In addition, the 1987 Trade Show Bureau study "Exposition Attendance Promotion Survey Report--An Analysis of Exposition Attendance Promotion Practices" found that for rotating shows the average promotion cost per attendee increased by more than 39 percent.
This report clearly established how much responsibility the association bears for attendance promotion. The cost of delivering individual attendees to the show floor ranged from a high of $24.52 for engineering and scientific expositions to a low of $4.21 for shows in other professions. These data, which were compiled before the recent economic slowdown, do not reflect the subsequent falloff in show attendance nationally.
Current attendance reports by Tradeshow Week and Exhibit Surveys, Inc., have tracked the overall down-turn in show traffic, as well as a decrease in attendance by first-time visitors. The rising costs of travel and restraints on corporate time away from the office are important factors, but corporate staff reductions are also having an impact.

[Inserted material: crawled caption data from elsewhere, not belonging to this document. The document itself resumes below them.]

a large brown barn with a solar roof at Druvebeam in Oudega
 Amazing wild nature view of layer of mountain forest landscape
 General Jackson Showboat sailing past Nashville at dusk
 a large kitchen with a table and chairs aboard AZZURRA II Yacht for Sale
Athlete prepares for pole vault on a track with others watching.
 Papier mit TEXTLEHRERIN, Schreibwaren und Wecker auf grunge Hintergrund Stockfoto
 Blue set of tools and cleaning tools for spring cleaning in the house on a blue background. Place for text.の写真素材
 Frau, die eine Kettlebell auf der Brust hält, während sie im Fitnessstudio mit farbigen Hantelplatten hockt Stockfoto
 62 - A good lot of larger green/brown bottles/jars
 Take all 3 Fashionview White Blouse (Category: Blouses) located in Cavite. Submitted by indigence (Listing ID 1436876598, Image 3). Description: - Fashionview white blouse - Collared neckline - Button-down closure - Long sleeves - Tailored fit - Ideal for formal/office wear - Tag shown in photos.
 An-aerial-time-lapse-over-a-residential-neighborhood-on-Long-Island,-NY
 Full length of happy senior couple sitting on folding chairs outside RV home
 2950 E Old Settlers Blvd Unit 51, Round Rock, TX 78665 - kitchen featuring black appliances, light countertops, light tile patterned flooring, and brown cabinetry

Finding more efficient ways to bring buyers and sellers together poses a serious challenge for the association executive. While attendance promotion partnering is one element in the equation, other factors identified with improving the effectiveness of the marketing medium include:
* exploring regional, vertical, and international show opportunities;
* providing exhibitors and potential exhibitors meaningful demographic data on the show's audience;
* analyzing policies and procedures as they relate to contract and negotiating practices with all suppliers;
* reviewing services provided to exhibitors to improve their value and cost effectiveness; and
* exploring the possibility of providing other income-generating programs currently used successfully within the industry.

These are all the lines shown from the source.